Quanto ao impacto do processo à imagem externa do país, Castro Neves acha que o principal dano se deve à incapacidade e à demora para sair dessa crise, mas ele não acredita que haverá a percepção de que houve ruptura institucional.
“Em nenhum país do mundo um governo sobreviveria a um escândalo dessa magnitude, com ou sem culpa no cartório”, afirmou à Folha.
Já Christopher Sabatini, professor na Universidade Columbia especializado na América Latina, é preciso agora esperar que “o Supremo Tribunal Federal faça seu trabalho, e rápido, para que o país não fique num limbo”.
Ele ressalta que o placar no Congresso passa uma “mensagem dúbia” para o mundo, diz.

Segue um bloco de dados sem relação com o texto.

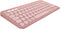 Logitech Pebble Keys 2 K380s - Draadloos toetsenbord - Bluetooth - Azerty FR - Roze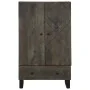Aparador alto madera maciza de mango negro 60x33x100 cm von , CD- und DVD-Speicher - Ref: Foro24-4017714, Preis: 135,64 €, Ra...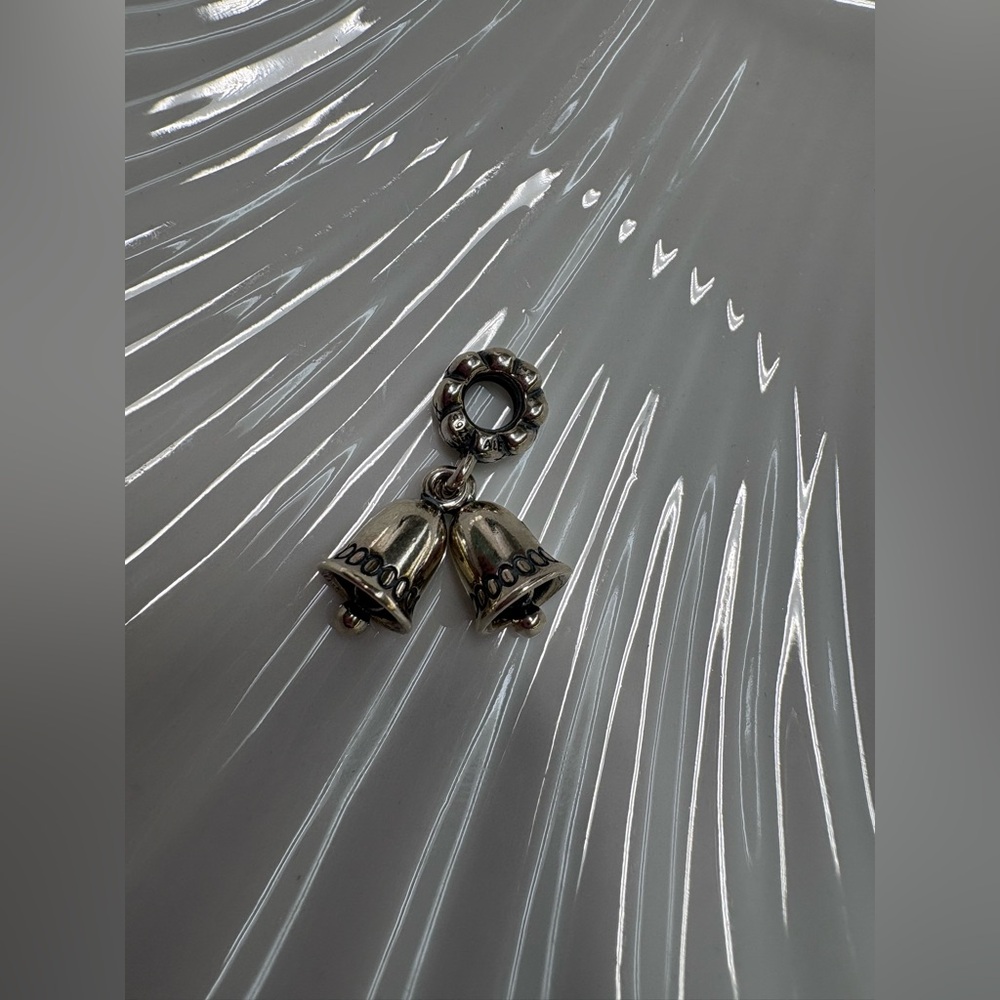 Pandora Silver Double Bell Charm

“Por um lado, mostra que as instituições funcionam, o assunto foi resolvido de uma forma prevista na Constituição.” Mas há, ainda “risco de mais incerteza política” se Temer assumir interinamente o Planalto, até o caso se resolver de vez. Até lá, é difícil saber “quem será o último homem em pé” para substituir Dilma, “na medida em que os escândalos de corrupção avançam e implicam potenciais sucessores”.
Com ou sem Dilma, o Brasil continuará com dificuldades para voltar à estabilidade econômica, prevê Harold Trinkunas, chefe de América Latina no centro de estudos Brookings, em Washington.
“A questão básica é se qualquer sucessor da presidente Dilma terá capital político para implementar as reformas necessárias para conduzir o Brasil a um crescimento sustentável”, diz. “Isso parece improvável neste momento”.
Na opinião dele, porém, o processo de impeachment não deve afetar as relações do Brasil com os EUA.
“O governo dos Estados Unidos trabalhará normalmente tanto com a presidente Rousseff como com seu sucessor no cargo. Impeachment é um processo político e constitucional doméstico do Brasil e o governo dos EUA prefere não comentar”, afirmou. “Entretanto, a crise política e econômica no Brasil sem dúvida introduziu alguns atrasos em projetos da agenda comum”.
Mais que isso, a crise provoca uma erosão na influência internacional do Brasil, diz Trinkunas, reduzindo o seu “soft power” (poder de influência).
“Em última análise, uma parte importante da influência global do Brasil é baseada em soft power, o poder de atrair apoio de outros países”, disse. “A crise certamente atinge o poder do Brasil à medida em que as conquistas sociais e econômicas recuam.”